• [DATA SHOWN]
● ● ● ●
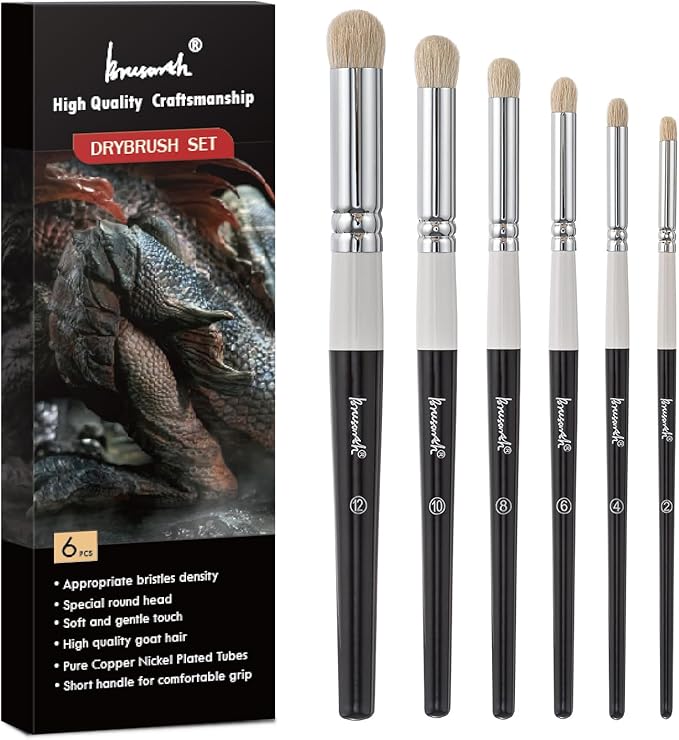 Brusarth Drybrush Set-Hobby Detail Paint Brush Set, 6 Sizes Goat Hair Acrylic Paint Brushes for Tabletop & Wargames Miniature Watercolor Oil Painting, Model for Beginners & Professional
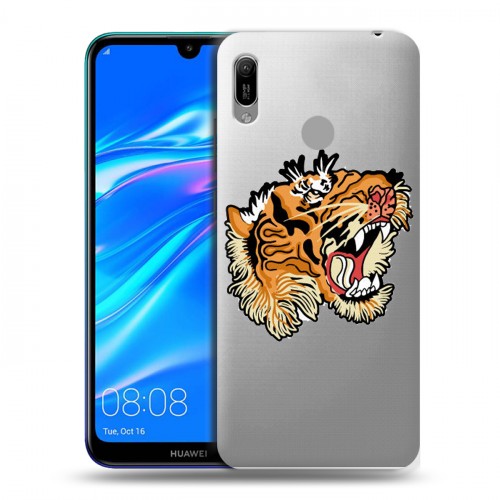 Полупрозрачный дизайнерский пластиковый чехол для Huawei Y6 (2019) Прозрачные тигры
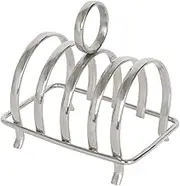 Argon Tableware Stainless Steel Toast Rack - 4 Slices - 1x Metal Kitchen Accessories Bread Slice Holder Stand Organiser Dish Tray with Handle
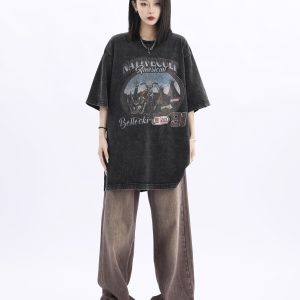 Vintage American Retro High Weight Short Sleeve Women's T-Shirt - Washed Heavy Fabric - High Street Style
● ● ● ●
• [TASK PROMPT] Repeat the listing in full and to the letter, excluding every image.

• [SOLUTION TO THIS EXERCISE]
 Brusarth Drybrush Set-Hobby Detail Paint Brush Set, 6 Sizes Goat Hair Acrylic Paint Brushes for Tabletop & Wargames Miniature Watercolor Oil Painting, Model for Beginners & Professional
 Полупрозрачный дизайнерский пластиковый чехол для Huawei Y6 (2019) Прозрачные тигры
 Argon Tableware Stainless Steel Toast Rack - 4 Slices - 1x Metal Kitchen Accessories Bread Slice Holder Stand Organiser Dish Tray with Handle
 Vintage American Retro High Weight Short Sleeve Women's T-Shirt - Washed Heavy Fabric - High Street Style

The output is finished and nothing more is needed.